The Securities and Exchange Commission has sanctioned Scottsdale, Ariz.-based JDA Software Group Inc. for having inadequate internal controls, resulting in misstated revenues.
JDA agreed to settle the commission’s charges for a $750,000 penalty.
An SEC investigation found that the company failed to properly recognize and report revenue from certain license agreements it sold to customers, because its internal controls failed to consider information needed to determine a critical component of revenue recognition for software companies.
Companies must be able to demonstrate this component known as “vendor specific objective evidence of fair value” or VSOE when determining the fair value of certain services related to a software license agreement, and if they can’t, they can’t immediately recognize all of the revenue from that agreement.
The SEC found that JDA’s internal controls surrounding VSOE were inadequate in several ways, including:
- The company lacked adequate revenue recognition policies and procedures and failed to identify all service-related contracts needed for VSOE testing to determine the fair value of certain services.
- It did not have sufficient internal accounting controls to determine whether a software license agreement and related services contract were linked to each other.
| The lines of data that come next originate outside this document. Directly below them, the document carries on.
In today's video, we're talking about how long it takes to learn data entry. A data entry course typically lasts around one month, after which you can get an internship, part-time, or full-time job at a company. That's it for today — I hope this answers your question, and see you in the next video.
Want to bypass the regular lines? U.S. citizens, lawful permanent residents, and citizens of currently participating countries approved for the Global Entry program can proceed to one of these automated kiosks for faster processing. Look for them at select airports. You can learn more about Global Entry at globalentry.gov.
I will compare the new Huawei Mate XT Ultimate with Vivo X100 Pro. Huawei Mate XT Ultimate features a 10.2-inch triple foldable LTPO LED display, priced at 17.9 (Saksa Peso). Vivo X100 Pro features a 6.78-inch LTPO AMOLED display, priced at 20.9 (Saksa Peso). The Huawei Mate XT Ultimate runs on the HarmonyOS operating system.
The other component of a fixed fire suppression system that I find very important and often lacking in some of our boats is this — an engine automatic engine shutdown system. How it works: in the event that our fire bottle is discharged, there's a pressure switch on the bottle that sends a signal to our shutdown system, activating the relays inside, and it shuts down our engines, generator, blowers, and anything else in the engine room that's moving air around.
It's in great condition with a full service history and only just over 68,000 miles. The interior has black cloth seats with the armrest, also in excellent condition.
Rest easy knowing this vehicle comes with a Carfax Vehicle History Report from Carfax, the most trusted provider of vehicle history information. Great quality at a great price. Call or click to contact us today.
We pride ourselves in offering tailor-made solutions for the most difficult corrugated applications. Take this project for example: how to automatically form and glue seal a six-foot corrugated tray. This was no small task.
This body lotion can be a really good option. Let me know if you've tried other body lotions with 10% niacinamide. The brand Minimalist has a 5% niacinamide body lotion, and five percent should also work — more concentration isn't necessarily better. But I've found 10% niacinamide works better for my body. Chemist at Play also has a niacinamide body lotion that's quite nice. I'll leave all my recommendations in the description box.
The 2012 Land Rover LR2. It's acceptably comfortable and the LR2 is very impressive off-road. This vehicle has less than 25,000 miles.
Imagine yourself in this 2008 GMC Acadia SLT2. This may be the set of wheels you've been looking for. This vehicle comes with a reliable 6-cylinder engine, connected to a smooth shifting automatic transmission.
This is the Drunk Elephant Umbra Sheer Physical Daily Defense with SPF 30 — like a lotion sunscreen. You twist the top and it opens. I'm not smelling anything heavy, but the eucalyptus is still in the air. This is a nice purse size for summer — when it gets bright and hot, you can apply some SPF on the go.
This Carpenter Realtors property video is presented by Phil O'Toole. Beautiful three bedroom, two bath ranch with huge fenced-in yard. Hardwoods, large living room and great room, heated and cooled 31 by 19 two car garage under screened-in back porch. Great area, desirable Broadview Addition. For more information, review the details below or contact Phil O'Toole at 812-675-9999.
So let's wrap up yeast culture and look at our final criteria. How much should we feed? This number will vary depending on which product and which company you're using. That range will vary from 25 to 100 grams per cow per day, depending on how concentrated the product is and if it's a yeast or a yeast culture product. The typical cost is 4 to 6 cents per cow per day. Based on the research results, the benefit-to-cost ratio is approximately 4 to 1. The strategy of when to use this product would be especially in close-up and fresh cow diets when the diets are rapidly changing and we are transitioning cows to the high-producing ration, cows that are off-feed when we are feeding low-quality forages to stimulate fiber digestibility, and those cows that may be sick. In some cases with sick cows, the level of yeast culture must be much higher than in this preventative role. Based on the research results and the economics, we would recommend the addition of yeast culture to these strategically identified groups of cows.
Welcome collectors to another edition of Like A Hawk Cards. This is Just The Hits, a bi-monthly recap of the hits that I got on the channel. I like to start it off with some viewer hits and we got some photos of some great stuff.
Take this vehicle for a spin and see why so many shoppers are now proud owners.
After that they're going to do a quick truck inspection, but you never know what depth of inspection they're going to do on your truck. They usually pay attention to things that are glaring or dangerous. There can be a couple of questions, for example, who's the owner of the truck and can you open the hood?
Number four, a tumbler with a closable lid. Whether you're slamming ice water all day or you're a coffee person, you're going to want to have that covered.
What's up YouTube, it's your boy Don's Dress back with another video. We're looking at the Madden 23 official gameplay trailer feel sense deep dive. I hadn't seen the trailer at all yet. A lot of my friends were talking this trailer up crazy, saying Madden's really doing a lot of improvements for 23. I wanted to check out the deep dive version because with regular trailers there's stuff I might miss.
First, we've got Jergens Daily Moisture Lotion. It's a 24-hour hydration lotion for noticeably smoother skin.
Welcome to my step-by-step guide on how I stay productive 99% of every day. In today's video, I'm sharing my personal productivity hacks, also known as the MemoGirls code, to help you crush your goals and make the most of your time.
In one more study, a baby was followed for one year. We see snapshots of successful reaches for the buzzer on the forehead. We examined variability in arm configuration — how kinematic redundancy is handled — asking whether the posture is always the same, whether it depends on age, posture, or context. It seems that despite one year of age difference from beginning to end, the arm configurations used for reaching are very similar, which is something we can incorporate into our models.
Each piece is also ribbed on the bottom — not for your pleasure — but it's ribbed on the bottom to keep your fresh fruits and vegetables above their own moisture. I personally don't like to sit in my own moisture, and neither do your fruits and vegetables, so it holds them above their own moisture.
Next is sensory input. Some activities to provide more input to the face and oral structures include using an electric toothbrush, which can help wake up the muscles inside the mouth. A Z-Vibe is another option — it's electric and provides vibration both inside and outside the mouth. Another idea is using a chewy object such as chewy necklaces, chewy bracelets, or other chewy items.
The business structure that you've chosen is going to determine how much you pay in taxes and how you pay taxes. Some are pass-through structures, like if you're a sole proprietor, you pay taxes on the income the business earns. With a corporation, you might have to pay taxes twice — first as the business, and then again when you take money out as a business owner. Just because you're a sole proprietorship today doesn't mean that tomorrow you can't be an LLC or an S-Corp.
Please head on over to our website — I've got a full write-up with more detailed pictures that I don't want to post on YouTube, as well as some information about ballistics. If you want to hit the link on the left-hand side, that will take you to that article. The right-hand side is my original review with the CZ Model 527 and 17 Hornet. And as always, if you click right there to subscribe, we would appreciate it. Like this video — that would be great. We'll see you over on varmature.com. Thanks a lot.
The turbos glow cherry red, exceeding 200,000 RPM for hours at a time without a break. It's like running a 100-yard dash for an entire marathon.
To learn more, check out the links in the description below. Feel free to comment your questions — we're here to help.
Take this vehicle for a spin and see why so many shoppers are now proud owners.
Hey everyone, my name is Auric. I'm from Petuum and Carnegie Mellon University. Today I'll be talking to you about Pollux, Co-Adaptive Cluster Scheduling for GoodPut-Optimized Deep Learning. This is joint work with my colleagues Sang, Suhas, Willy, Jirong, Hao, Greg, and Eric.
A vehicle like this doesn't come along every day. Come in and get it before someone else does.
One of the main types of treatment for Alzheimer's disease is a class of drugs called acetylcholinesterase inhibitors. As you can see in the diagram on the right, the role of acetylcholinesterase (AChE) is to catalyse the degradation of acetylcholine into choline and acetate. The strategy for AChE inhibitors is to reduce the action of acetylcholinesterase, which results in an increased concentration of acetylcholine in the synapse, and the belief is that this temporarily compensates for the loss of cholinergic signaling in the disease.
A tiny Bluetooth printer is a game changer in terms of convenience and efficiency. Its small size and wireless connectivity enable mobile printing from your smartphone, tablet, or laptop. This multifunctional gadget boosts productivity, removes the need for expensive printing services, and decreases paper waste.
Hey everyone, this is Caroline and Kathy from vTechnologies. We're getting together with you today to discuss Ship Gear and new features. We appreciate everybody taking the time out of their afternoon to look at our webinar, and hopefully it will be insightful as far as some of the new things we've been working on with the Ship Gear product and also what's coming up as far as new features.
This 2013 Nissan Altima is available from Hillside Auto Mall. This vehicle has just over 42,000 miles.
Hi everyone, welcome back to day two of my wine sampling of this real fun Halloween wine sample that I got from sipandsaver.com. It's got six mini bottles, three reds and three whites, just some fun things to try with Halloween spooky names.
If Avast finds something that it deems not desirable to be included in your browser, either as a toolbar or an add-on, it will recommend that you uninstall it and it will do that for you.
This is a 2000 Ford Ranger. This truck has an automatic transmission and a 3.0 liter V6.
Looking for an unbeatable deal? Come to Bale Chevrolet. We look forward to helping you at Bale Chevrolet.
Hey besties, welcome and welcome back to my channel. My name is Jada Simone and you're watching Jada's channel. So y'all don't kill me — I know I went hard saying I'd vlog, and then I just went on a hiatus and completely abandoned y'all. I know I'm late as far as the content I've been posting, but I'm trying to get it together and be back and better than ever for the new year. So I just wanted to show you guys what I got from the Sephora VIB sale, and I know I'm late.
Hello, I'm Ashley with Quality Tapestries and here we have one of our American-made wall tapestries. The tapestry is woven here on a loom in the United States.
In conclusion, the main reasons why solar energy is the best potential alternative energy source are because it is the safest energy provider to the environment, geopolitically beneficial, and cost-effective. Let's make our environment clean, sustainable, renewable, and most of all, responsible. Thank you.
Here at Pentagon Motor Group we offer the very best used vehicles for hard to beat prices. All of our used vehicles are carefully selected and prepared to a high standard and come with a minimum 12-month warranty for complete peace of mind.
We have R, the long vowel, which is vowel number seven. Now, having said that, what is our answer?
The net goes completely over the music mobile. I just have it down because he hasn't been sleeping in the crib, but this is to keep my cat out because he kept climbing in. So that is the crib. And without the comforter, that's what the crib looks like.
As a result of these internal control failures, some of JDA’s financial statements for 2008, 2009, 2010, and 2011 were materially misstated. JDA restated those financial statements in August 2012, reporting that it had overstated its revenue for fiscal year 2010 by 4 percent and overstated EBITDA by approximately 18 percent. In connection with the restatement, JDA identified control deficiencies that constituted a previously undisclosed material weakness in its internal control over financial reporting related to revenue recognition.